Fragrantica: "I have been eagerly awaiting "Dandelion Butter | Clue Perfumery" out of curiosity to how it would smell. This is such a beautifully made, realistic, freshly picked Dandelion scent. The artistic skill that must have gone into creating this blows me away! "Dandelion Butter | Clue Perfumery" opens with a kind of fresh, sweet grassy/floral scent. It takes me back to being a young child. It’s an early spring morning, the sun is shining and I’m lying on the grass. I can smell the earth and that morning dew type of scent rising from the grass and flowers. This is definitely a fragrance that invokes happy memories and relaxing, meditative vibes. The scent progresses as it would as if you were there in the moment, picking dandelions, scoring the stems and making dandelion chains. I can smell the freshly snapped green stem, with a hint of earthiness and the smell of the pollen. There’s still a little sweetness in the background, but overall this is a very green, hyper realistic scent. The far dry down actually reminds me of Angelique Noir by Guerlain. I don’t get any milk or butter, which I’m not bothered about. I think they’ve done an incredible job to create something that smells so spot on. This is such a unique little creative masterpiece! This is something I will have to add to my collection because of the feelings and memories it brings with it. 10/10"

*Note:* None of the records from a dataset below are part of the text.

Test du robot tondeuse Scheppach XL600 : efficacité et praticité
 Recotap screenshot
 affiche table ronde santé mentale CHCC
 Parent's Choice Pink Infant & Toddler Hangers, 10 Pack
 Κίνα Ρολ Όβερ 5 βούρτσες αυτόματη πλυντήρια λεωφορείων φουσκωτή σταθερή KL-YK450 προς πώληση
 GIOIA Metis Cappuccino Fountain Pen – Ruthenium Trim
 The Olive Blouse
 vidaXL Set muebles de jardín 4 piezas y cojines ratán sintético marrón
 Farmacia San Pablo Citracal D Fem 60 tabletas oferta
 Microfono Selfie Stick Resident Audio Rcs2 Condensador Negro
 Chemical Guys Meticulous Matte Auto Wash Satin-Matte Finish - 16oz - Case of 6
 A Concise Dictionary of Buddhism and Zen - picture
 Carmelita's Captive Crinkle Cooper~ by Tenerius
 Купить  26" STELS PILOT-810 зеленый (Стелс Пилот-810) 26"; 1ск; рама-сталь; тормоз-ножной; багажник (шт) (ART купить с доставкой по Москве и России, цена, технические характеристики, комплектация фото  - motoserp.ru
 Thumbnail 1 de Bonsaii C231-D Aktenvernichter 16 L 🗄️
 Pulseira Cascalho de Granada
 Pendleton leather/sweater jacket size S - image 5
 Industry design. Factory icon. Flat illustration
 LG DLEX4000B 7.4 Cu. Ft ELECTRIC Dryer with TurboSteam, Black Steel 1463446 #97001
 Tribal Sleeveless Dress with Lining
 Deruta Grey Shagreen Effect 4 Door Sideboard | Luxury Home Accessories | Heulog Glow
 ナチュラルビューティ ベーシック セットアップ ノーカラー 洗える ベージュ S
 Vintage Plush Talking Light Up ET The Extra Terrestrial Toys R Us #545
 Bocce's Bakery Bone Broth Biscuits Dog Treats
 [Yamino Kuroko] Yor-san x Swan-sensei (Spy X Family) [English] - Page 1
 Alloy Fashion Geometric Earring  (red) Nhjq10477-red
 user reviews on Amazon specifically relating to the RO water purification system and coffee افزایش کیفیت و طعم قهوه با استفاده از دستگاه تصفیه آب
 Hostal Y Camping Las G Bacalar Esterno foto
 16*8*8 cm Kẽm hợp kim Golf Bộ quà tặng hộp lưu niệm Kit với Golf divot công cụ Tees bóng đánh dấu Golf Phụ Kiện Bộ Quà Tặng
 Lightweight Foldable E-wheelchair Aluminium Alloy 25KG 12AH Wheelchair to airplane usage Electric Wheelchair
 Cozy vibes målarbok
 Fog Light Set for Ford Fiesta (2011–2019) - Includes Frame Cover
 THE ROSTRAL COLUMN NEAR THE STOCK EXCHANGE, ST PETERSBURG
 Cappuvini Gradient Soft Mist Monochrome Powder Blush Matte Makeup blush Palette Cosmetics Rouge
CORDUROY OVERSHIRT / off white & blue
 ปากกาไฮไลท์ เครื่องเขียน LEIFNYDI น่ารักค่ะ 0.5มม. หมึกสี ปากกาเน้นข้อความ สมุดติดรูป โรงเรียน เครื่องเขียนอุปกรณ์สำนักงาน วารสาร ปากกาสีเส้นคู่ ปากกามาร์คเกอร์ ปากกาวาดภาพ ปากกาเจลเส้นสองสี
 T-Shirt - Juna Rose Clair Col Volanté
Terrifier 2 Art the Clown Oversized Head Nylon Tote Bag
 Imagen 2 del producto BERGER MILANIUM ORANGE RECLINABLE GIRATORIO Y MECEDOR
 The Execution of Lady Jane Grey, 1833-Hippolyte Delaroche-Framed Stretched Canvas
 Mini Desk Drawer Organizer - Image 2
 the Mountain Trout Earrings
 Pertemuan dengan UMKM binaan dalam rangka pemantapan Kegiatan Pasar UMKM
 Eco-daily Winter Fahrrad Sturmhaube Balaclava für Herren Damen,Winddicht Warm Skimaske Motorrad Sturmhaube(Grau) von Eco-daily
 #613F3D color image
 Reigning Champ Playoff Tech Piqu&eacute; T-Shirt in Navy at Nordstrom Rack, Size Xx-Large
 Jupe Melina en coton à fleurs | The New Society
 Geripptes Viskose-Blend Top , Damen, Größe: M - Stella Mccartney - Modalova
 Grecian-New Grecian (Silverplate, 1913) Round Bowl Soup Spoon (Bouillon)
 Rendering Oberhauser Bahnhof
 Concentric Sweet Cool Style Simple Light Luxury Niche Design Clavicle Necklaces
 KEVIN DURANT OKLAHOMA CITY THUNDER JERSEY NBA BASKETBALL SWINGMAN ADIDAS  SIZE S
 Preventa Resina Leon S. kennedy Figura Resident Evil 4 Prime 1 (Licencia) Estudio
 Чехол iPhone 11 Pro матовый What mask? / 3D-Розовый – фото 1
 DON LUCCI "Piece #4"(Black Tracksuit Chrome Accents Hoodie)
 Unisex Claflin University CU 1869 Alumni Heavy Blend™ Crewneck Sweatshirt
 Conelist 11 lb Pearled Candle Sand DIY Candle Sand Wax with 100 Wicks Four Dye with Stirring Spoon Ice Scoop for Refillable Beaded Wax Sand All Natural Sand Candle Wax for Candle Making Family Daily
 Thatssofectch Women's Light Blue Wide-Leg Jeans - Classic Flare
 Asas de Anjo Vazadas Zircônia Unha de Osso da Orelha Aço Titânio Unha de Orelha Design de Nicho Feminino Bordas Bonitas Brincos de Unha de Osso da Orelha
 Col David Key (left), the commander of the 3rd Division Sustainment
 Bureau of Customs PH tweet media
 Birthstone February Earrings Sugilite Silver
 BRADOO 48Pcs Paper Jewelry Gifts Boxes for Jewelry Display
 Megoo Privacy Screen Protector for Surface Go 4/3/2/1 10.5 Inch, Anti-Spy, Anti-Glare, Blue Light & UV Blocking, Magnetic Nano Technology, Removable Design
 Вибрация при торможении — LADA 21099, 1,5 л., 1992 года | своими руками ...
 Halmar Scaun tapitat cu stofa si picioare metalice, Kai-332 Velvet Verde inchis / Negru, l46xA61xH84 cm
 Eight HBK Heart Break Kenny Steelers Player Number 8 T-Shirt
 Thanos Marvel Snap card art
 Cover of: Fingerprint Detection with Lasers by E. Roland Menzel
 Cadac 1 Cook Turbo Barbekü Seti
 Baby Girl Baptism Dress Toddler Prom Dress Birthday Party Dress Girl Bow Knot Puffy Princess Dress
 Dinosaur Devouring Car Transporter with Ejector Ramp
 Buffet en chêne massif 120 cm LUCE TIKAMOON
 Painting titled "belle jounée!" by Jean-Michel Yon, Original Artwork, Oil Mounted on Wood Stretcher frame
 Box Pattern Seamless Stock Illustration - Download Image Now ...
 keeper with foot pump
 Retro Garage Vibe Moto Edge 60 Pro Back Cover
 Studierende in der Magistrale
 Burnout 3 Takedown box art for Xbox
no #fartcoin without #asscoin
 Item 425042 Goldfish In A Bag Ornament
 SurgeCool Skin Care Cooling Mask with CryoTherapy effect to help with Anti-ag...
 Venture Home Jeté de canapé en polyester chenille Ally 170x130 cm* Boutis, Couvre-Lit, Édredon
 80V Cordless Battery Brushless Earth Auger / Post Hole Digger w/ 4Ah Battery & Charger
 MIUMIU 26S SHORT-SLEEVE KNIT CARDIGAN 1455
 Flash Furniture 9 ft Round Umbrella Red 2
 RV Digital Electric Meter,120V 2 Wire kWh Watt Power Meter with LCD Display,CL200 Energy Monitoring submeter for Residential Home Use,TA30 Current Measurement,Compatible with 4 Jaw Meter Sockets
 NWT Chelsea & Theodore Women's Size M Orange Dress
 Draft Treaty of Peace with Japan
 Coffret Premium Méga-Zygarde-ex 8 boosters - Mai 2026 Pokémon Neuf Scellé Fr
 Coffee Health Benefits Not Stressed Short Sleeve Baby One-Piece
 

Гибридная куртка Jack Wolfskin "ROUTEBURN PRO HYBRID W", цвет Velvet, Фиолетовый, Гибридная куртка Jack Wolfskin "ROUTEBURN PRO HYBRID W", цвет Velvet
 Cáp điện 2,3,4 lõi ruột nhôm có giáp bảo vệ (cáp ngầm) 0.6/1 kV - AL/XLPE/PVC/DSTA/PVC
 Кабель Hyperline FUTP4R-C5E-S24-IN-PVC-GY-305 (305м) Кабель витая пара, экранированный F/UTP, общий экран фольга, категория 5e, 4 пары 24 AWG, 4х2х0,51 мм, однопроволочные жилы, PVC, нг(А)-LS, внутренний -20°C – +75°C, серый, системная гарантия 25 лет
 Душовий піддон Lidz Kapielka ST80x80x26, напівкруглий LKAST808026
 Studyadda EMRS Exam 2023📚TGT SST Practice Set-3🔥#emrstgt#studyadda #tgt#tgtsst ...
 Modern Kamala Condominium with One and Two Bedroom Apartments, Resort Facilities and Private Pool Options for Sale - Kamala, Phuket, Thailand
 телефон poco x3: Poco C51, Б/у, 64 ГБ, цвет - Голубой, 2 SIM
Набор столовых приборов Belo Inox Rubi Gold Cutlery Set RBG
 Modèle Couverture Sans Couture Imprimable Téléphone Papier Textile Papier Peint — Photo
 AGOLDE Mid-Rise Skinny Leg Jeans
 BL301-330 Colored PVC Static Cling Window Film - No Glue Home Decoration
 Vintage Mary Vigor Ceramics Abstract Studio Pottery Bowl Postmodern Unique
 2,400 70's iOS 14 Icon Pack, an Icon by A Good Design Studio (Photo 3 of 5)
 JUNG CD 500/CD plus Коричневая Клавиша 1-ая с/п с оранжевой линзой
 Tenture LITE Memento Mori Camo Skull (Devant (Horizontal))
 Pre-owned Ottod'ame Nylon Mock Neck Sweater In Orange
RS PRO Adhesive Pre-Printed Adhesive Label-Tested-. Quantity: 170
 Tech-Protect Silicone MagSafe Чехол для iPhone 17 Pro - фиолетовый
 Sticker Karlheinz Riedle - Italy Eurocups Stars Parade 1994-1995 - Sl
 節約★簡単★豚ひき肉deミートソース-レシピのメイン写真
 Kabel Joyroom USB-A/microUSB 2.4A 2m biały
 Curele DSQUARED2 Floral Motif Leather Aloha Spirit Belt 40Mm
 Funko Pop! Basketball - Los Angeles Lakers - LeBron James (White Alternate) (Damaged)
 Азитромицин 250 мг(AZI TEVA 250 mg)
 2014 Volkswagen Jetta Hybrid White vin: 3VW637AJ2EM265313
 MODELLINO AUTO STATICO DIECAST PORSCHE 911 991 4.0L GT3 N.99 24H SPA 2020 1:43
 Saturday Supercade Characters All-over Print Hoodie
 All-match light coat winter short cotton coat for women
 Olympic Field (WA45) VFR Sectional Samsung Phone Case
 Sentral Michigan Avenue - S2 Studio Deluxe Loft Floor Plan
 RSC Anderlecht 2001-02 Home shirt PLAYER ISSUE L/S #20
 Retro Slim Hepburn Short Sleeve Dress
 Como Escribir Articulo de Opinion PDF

Fragrantica: "Years of a strained relationship have admittedly soured my perception of my grandmother, but sometimes I am forced to remember that, while she may have given my inheritance to someone on the internet claiming to be Bret Michaels, she was also once in her twenties with a baby on each hip, once a teenager in her wedding dress, once a little girl without a mother who still wanted to be pretty. I expected Clue’s Dandelion Butter to vaguely, playfully suggest my own childhood, the memories I have of neighborhood girls in their bike helmets pulling dandelions out of the sidewalk and showing me the way to eat them. There *is* a powdery tone to it like crisp little petals drying the inside of your mouth, but it’s one that conjures the scented baby powder that Grammy was still using liberally in 2008 out of a bottle a decade older than me. That isn’t a bad thing. After all, you can’t exactly use baby powder anymore, can you? In the wood paneling and slick linoleum of her bathroom, I would paw through cabinets and drawers to try on beauty products that had been hoarded away since the 1960s. My fascination with fragrance was born in those 10 tiny glass bottles of “poppy”, “violet”, “rose” - each a variation on the musky floral punchiness so popular in previous generations. I’m not trying to imply that Dandelion Butter smells outdated or actually like a grandma perfume, far from it. This fragrance is young and fresh and green and intimate and full of hope, creamed butter, and sugar. Grammy never actually wore perfume, never noticed the lowering levels of Guerlain in the cabinets or the fact that I must have smelled like I had just finished a shift at the cosmetic counter at seven years old. So maybe she had just forgotten about the bottles, but at times I think that maybe she had been saving them for the life she thought she deserved. A dandelion, too, grows through concrete and grows through the bleach-hot summer only to dissolve into wishes."